» **WHAT IS REQUIRED**:
Copy the data precisely, character for character, and leave out every picture.

» **THE DATA**:
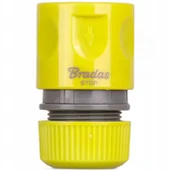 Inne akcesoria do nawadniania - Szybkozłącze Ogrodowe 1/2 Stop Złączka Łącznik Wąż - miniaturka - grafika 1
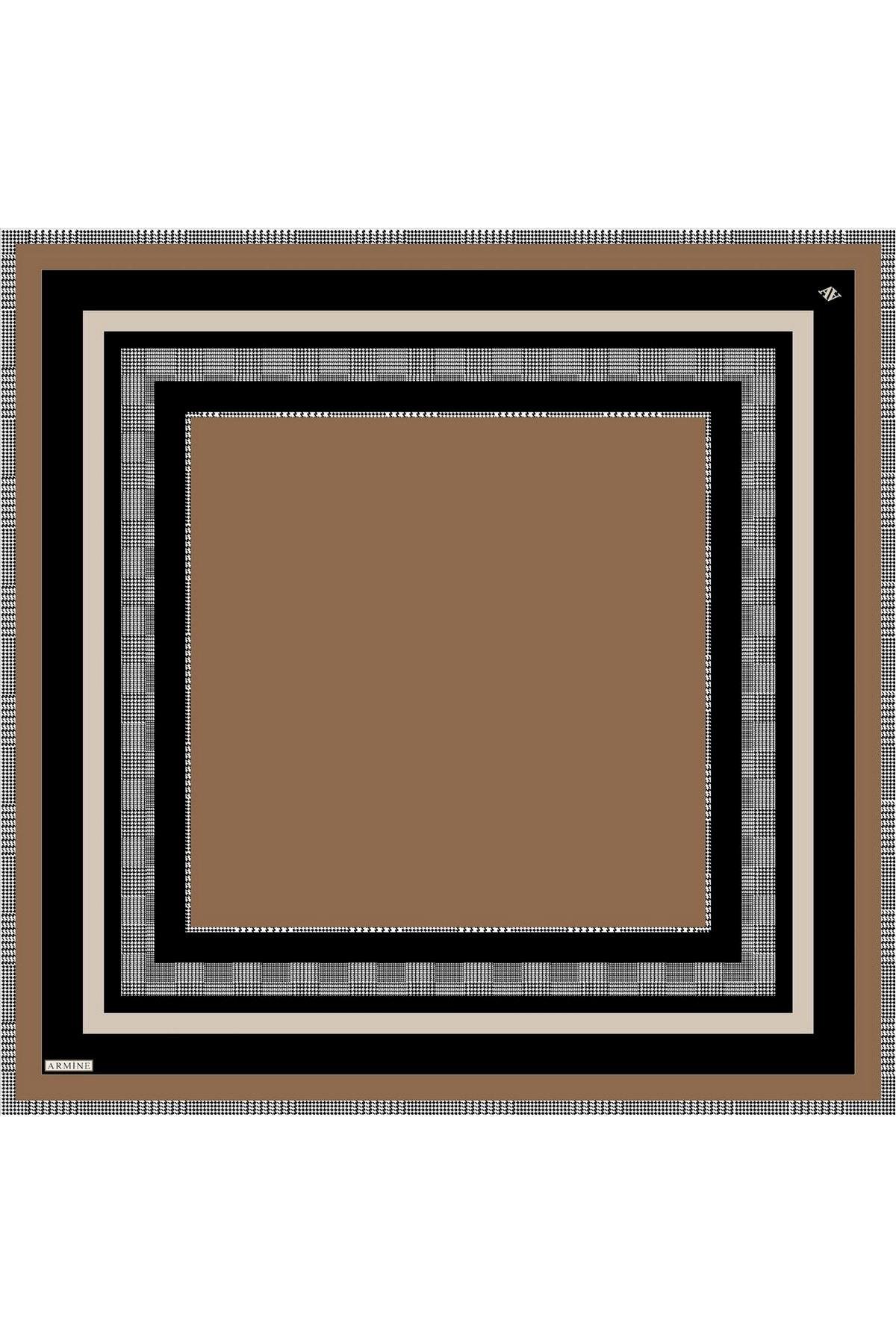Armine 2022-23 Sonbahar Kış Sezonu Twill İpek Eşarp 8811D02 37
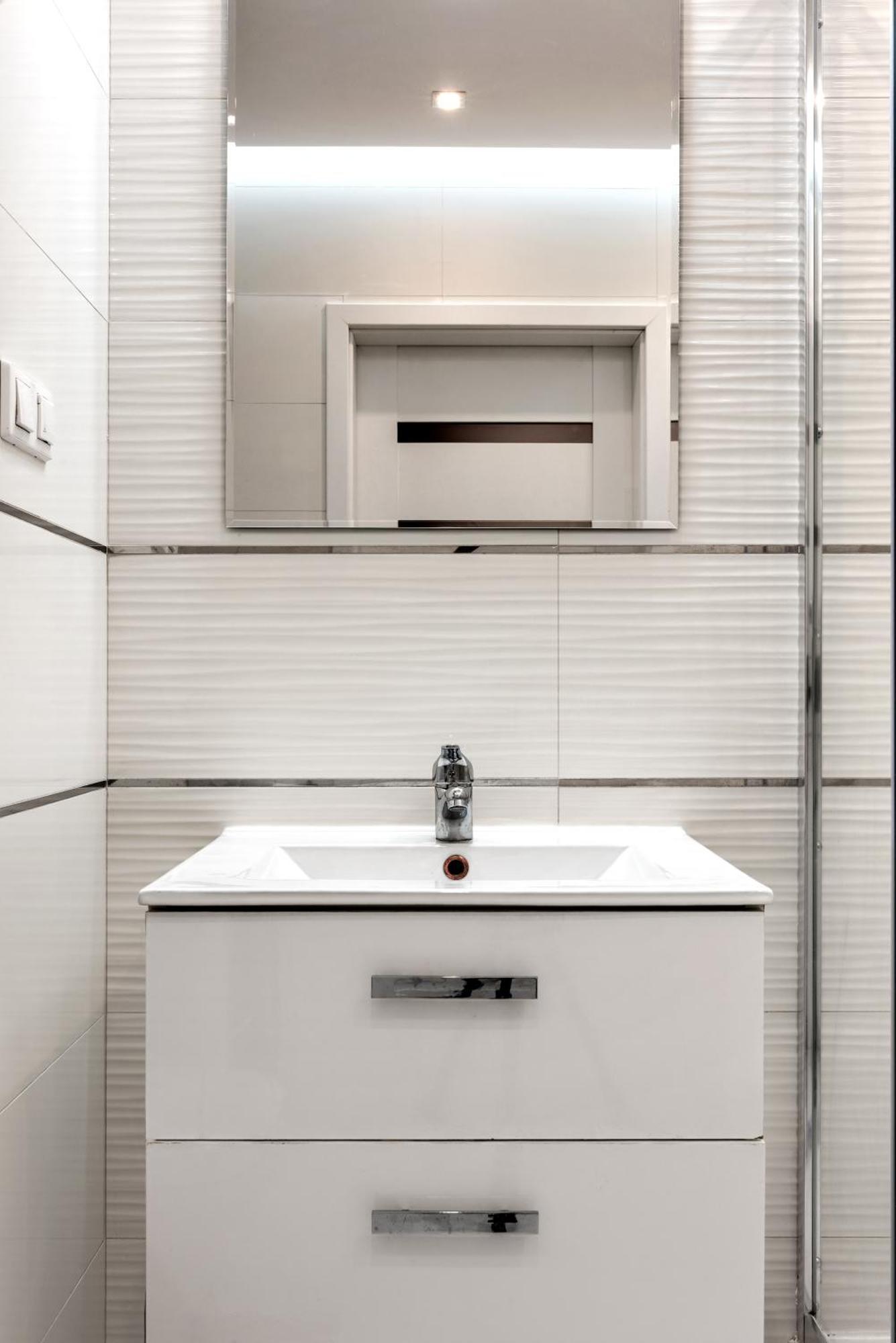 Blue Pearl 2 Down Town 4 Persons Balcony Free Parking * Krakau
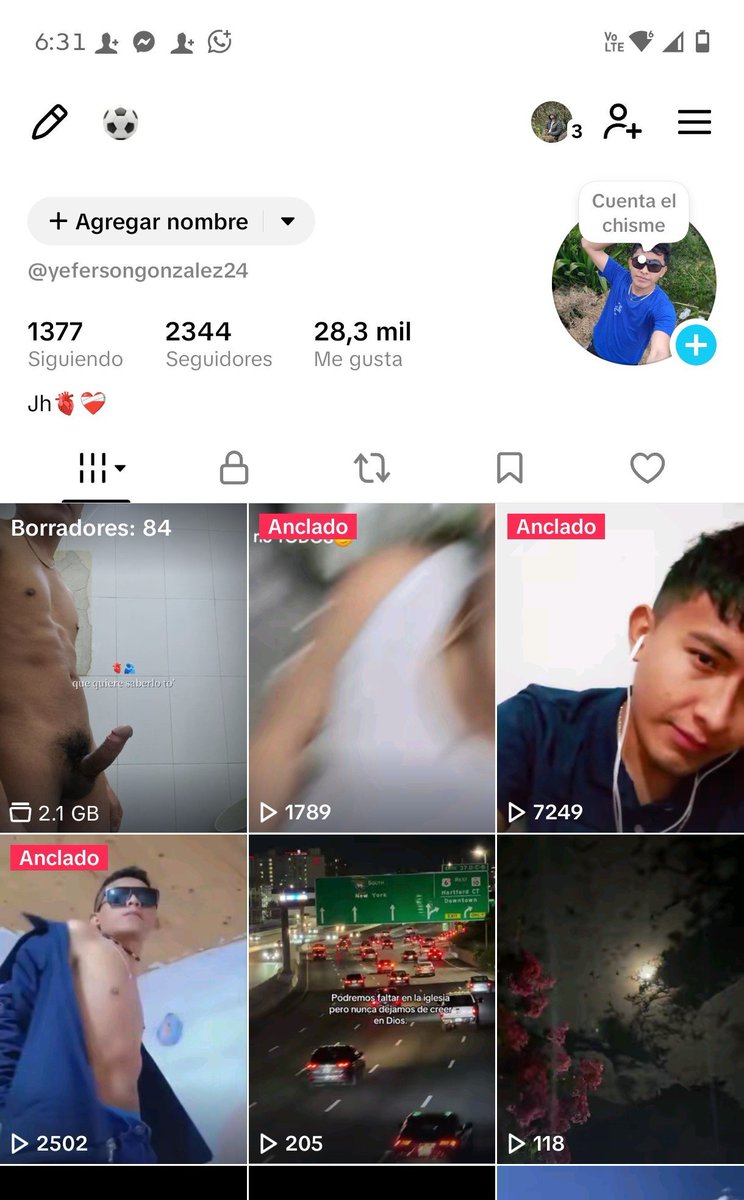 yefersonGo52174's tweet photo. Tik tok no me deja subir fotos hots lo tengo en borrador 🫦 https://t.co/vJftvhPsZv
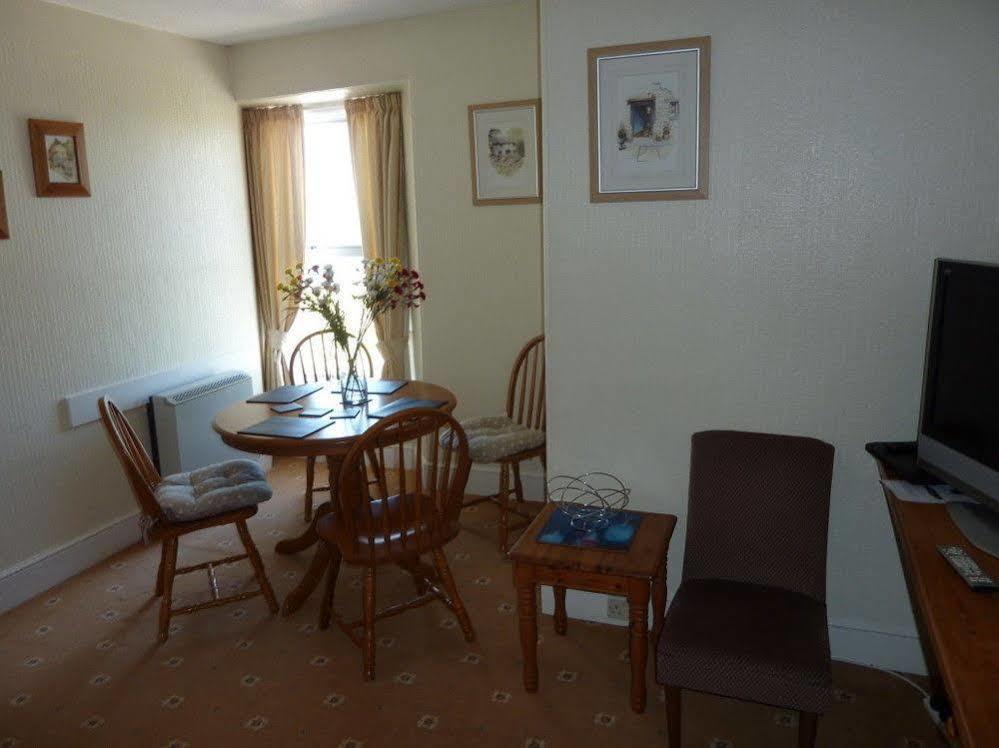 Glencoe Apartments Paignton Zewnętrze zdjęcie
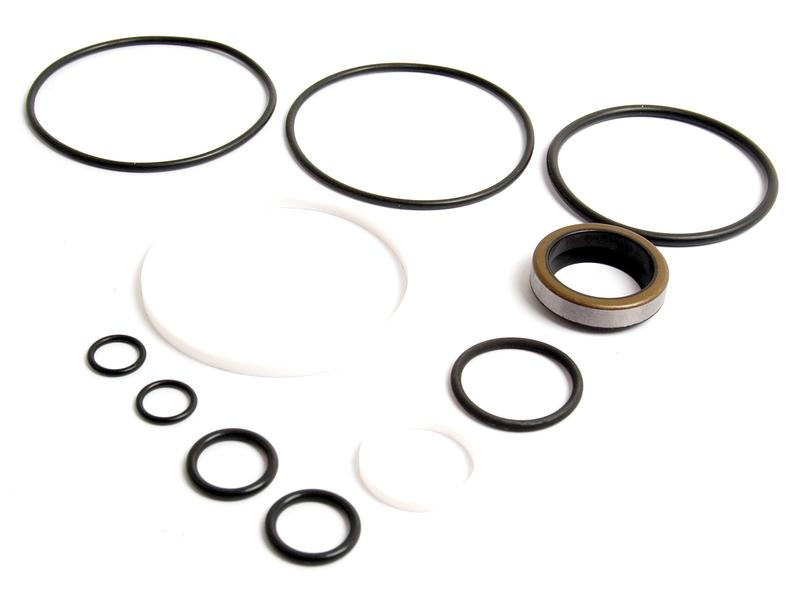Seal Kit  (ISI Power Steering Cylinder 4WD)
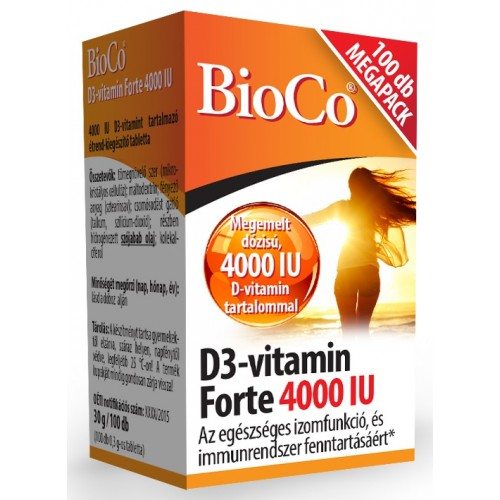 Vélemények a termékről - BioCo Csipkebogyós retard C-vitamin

» **TASK OUTPUT**:
 Inne akcesoria do nawadniania - Szybkozłącze Ogrodowe 1/2 Stop Złączka Łącznik Wąż - miniaturka - grafika 1
Armine 2022-23 Sonbahar Kış Sezonu Twill İpek Eşarp 8811D02 37
 Blue Pearl 2 Down Town 4 Persons Balcony Free Parking * Krakau
 yefersonGo52174's tweet photo. Tik tok no me deja subir fotos hots lo tengo en borrador 🫦 https://t.co/vJftvhPsZv
 Glencoe Apartments Paignton Zewnętrze zdjęcie
Seal Kit  (ISI Power Steering Cylinder 4WD)
 Vélemények a termékről - BioCo Csipkebogyós retard C-vitamin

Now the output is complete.